01テーブル私が青山店を訪れると、よく担当についてくれる佐藤さんという女性がいる。現在のカシータでは古参に入り、実際に気配りに長けている。テーブルによっては担当に一度もなったことがない人もいるが、彼らの中にも素晴らしい接客を行うと評判の人はいる。
佐藤さんの接客は地味だ。少なくともコンサルティング部門であり、接客の責任者でもある雨宮龍氏が1度のオーダーで立ち位置を4回変えるようなことはしない。オーダーには親身に答えてくれるが、それは他のスタッフと変わらないカシータ気質でもある。彼女の素晴らしさは、単に気がつくとか心配りができるということではなく、例えて言えば「空気を吸わせてくれる」「水を飲ませてくれる」ということと変わりない。つまり、快適に継続してサービスを受け続けることに対して長けている。ビッグサプライズやテクニカルな接客をしない代わりに、相手に安心感を与える。
私が犬を連れて来店すると、しゃがみこんで一緒に遊んでくれる。うちの犬が彼女の手や顔を舐めているのを見て、こちらが心配になってしまう。座っていていいんだろうか。料理に悪影響はないんだろうか、と。
しかし、はっきり言ってしまえばそんなことは彼女も十分にわかっていることであって、楽しみながら必ず普通の仕事を行う姿は卓越している。

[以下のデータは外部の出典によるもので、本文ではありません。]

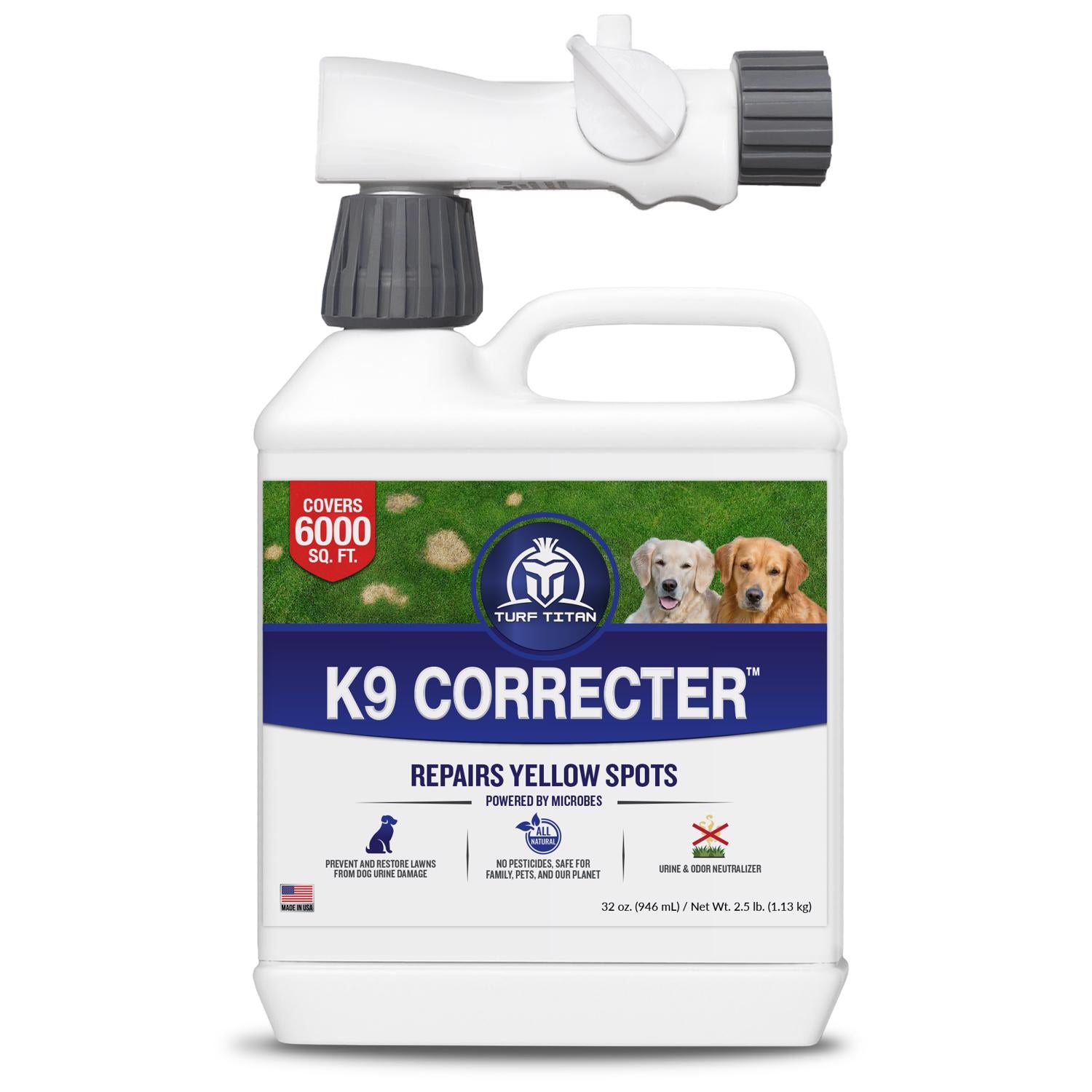 Turf Titan K9 Correcter Soil Amendment 6000 sq ft 32 fl. oz. - Case of 6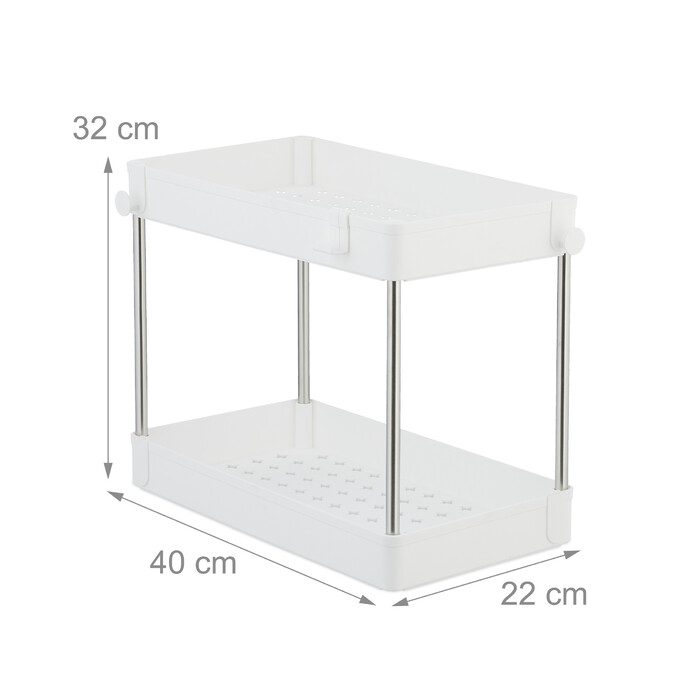 Relaxdays Under Sink Shelf, 2-Piece Set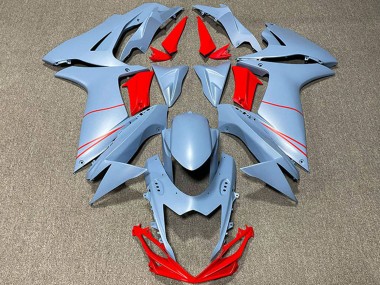 Migliori Carene Moto Suzuki GSXR 600 / GSXR 750 2011-2024 - Azzurro Cielo Opaco Rosso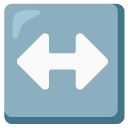 left-right arrow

私たちはよく間違えがちだが、サービスというのはお客に継続して空気を吸ってもらい、水を飲んでもらうような、普通を続けることで成り立っている。感動や満足は実はそれほど大切ではない。それは自分がレストランや交通機関を利用しているときの気分を考えてみればよくわかる。
あるいは、接客の仕事をしたことがある人であれば、相手にどんなに尽くしても満足や感動は10%も生まれないということを知っているはずだ。
カシータでは佐藤さんのようなスタッフが何名かいる。スペシャルでもなんでもなく、普通にカシータを利用できる状態を作り出す接客者がいることが、カシータを支える価値である。
そうでなければ、サービスは驚かせたもの勝ちになってしまう。そのようなサービスを安心して受けることのできる人は、いるにしてもよほどの変わり者だろう。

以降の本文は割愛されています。